Mashiach — the anointed one — he must be here, somewhere, born and walking the earth, waiting to pick up all the fragments of their nation, to bring peace


Leonora turns on her heel, quietly climbs the stairs, and leaves the courtyard. As she strides past, she startles a kitten, who runs — a black and yellow streak. A fly buzzes around her eyes and she swats it away, but even as she does so, it grows blurred and all she can see is a spot of darkness in a sea of late afternoon sunshine, darkness moving to the right and to the left, here, there, and as much as she waves it away, she cannot free herself.
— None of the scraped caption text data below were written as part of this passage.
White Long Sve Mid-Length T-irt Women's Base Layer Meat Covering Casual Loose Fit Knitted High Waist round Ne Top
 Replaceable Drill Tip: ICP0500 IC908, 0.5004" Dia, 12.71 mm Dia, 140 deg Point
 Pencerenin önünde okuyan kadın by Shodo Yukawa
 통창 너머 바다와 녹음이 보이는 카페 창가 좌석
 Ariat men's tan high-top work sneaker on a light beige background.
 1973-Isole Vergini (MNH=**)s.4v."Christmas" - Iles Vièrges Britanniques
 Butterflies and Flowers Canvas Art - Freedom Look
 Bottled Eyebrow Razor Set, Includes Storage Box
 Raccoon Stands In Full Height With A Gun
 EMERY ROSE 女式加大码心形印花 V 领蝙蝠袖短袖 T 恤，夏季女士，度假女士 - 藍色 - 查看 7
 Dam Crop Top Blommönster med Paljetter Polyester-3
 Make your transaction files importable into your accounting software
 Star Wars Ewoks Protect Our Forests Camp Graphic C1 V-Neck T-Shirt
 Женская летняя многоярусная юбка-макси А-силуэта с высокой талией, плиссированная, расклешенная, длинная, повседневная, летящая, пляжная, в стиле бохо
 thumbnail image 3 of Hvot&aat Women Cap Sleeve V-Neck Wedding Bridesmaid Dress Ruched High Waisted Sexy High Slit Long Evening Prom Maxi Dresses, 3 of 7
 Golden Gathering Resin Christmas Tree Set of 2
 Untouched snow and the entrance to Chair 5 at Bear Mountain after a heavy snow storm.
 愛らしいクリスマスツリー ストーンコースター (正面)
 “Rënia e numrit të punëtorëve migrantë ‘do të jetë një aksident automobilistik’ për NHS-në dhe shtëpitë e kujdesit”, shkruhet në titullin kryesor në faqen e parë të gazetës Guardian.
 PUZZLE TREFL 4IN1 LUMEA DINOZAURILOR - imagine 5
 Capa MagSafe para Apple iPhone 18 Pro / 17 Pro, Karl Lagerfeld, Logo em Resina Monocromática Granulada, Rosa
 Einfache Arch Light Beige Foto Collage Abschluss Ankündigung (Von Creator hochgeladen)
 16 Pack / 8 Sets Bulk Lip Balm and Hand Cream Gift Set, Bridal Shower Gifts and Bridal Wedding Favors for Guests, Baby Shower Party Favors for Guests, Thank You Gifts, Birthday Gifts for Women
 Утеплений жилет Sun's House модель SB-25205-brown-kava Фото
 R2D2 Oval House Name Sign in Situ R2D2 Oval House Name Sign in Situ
Home. She needs home. She needs Ines. She unwraps the shawl from around her shoulders — she is hot, intolerably hot — and holds it in both hands as an offering. Wooden soles beating on the stone flagstones, she follows the narrow passageways, through the darkness of the late afternoon shadow, and past the warm, apricot sunlight, to home, home.

When she gets there, she retreats to her room and pours herself a glass of wine. She drinks it slowly, willing her hands to stop trembling.

A chevrat teshuvah. This is where Yishai goes every afternoon. She has heard of them, of course. But in her mind, she thought of them as something akin to the flagellants, that obscure Christian sect, who gather in town squares and give each other lashes and wear horsehair vests under their linen shirts, so that they are always in a state of suffering.

As a child, she and her friends would watch them, fascinated, even when the mothers and fathers who were passing through would scold them: Go home, go home, this is no place for a good Jewish child.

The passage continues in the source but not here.